▸ Your task
Pictures don't belong in the copy; print all the records exactly.

Image-text web data:
◇ ◇ ◇ ◇ ◇ ◇ ◇

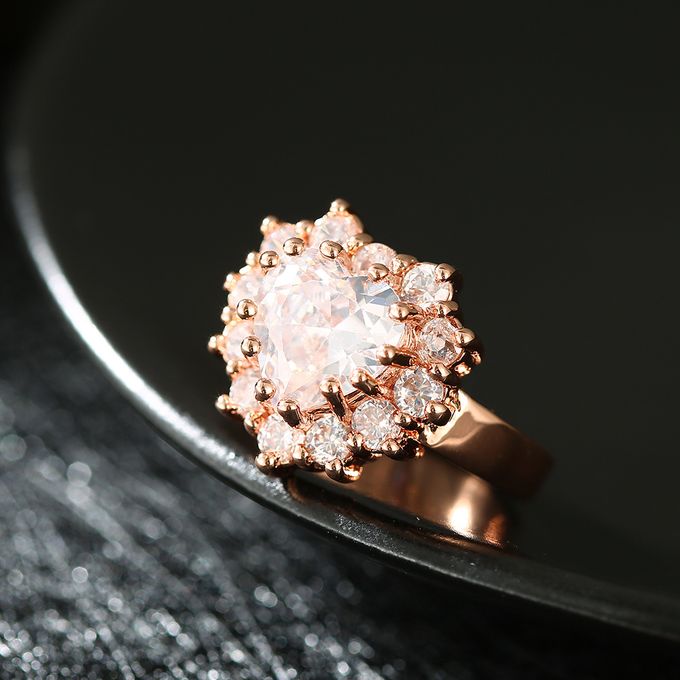 TIARIA Diamond Heart Ring Perhiasan Emas Cincin Berlian by TIARIA - 003 TIARIA Diamond Heart Ring Perhiasan Emas Cincin Berlian by TIARIA - 003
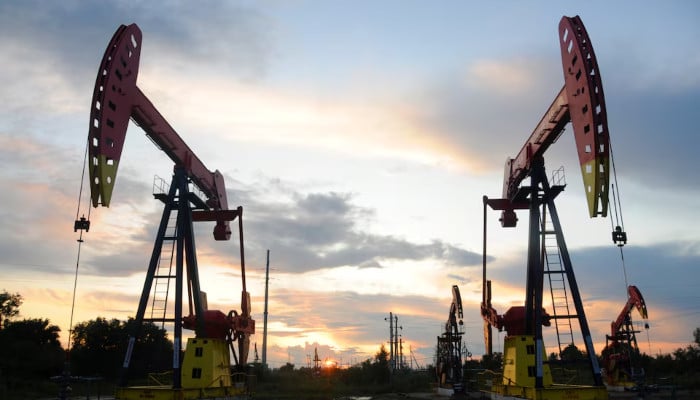 Oil prices extend gains as Trump sharpens rhetoric on Iran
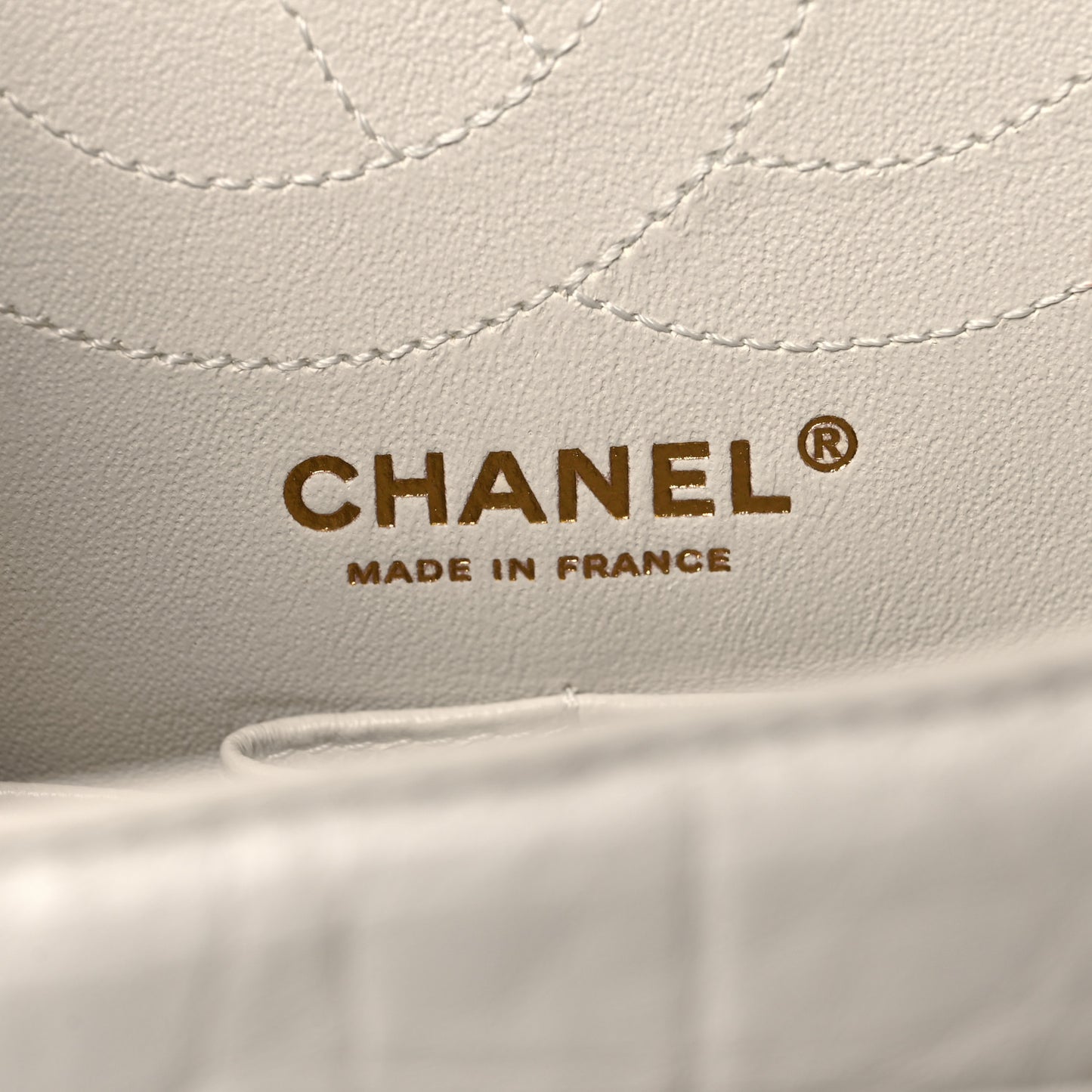 Aged Calfskin Quilted 2.55 Reissue 225 Flap White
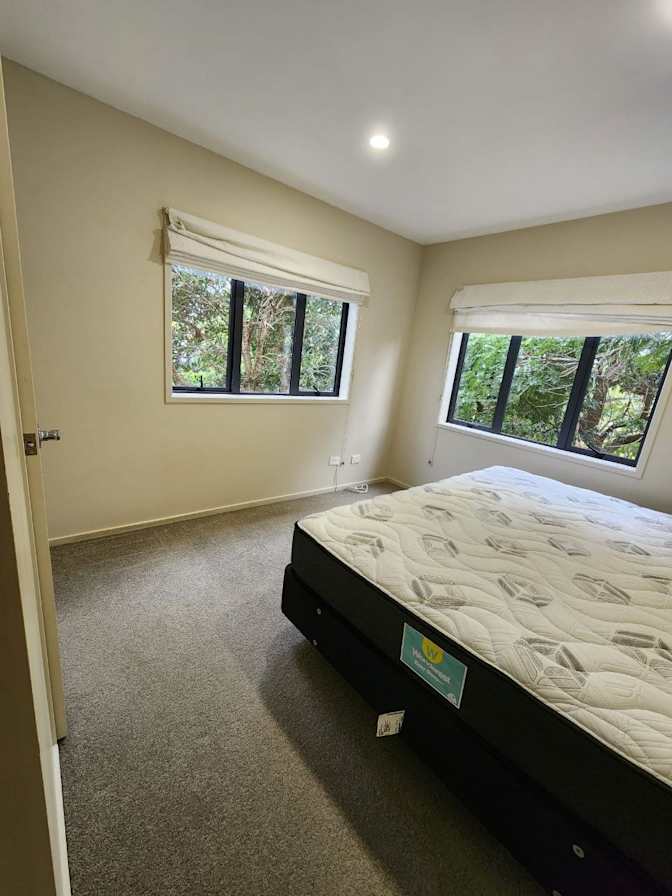 Elle's room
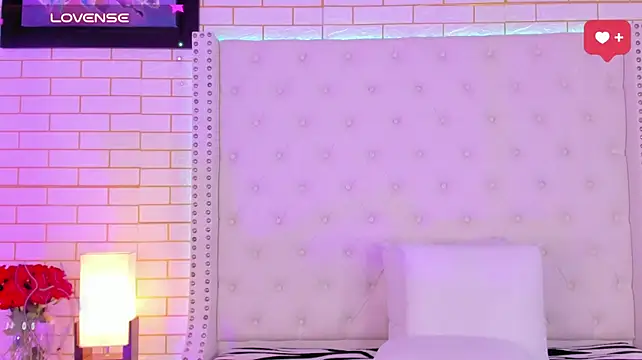 XXX chat uživo modela Coco_Balenciaga_
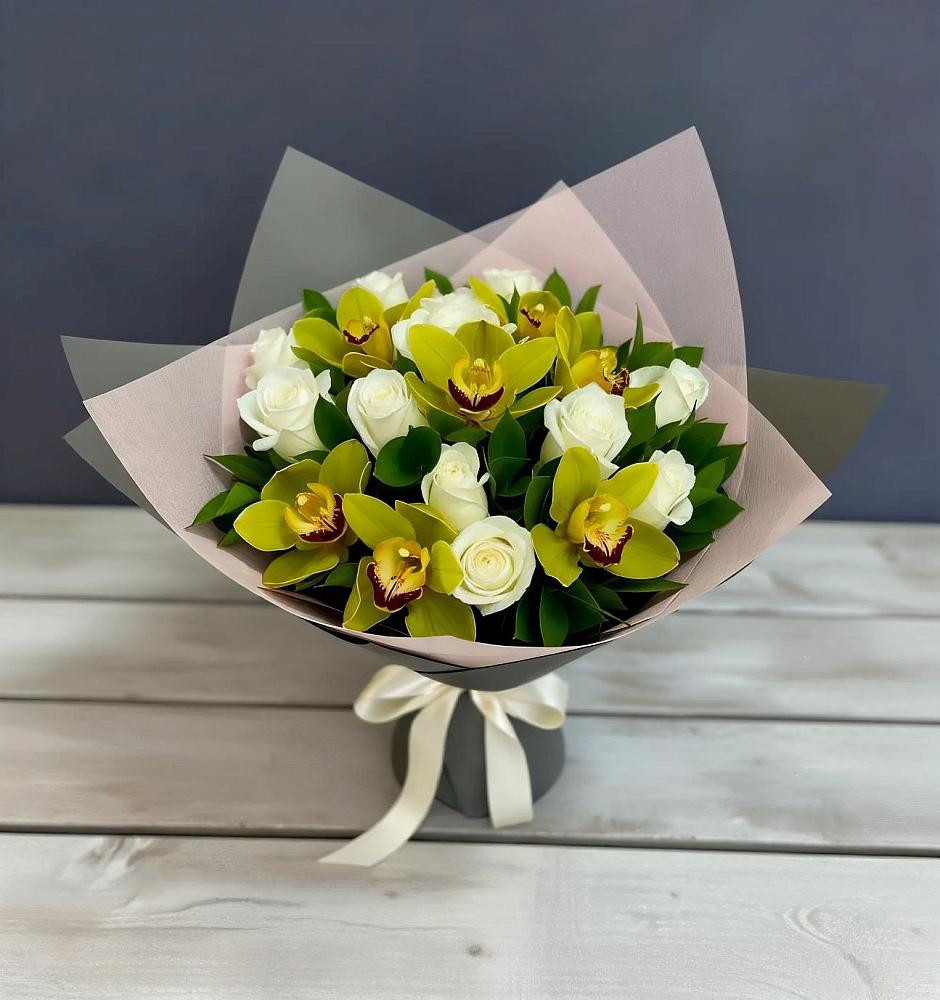 Букет цветов из: Орхидеи и Розы в Черницыне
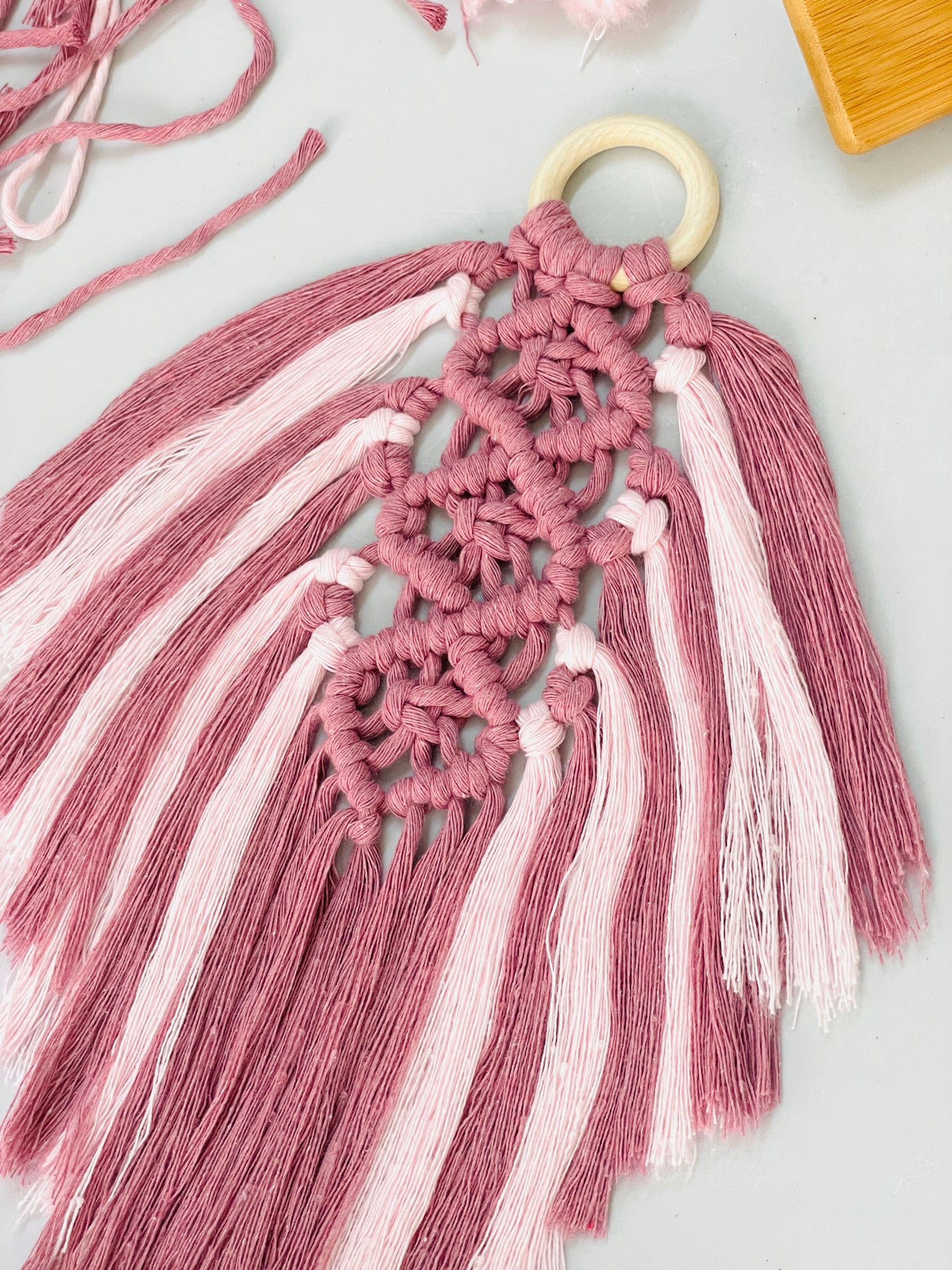 Macramé Leaves and Feathers Workshop:the secret of fringes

◇ ◇ ◇ ◇ ◇ ◇ ◇

▸ Answer below
 TIARIA Diamond Heart Ring Perhiasan Emas Cincin Berlian by TIARIA - 003 TIARIA Diamond Heart Ring Perhiasan Emas Cincin Berlian by TIARIA - 003
 Oil prices extend gains as Trump sharpens rhetoric on Iran
 Aged Calfskin Quilted 2.55 Reissue 225 Flap White
 Elle's room
 XXX chat uživo modela Coco_Balenciaga_
 Букет цветов из: Орхидеи и Розы в Черницыне
 Macramé Leaves and Feathers Workshop:the secret of fringes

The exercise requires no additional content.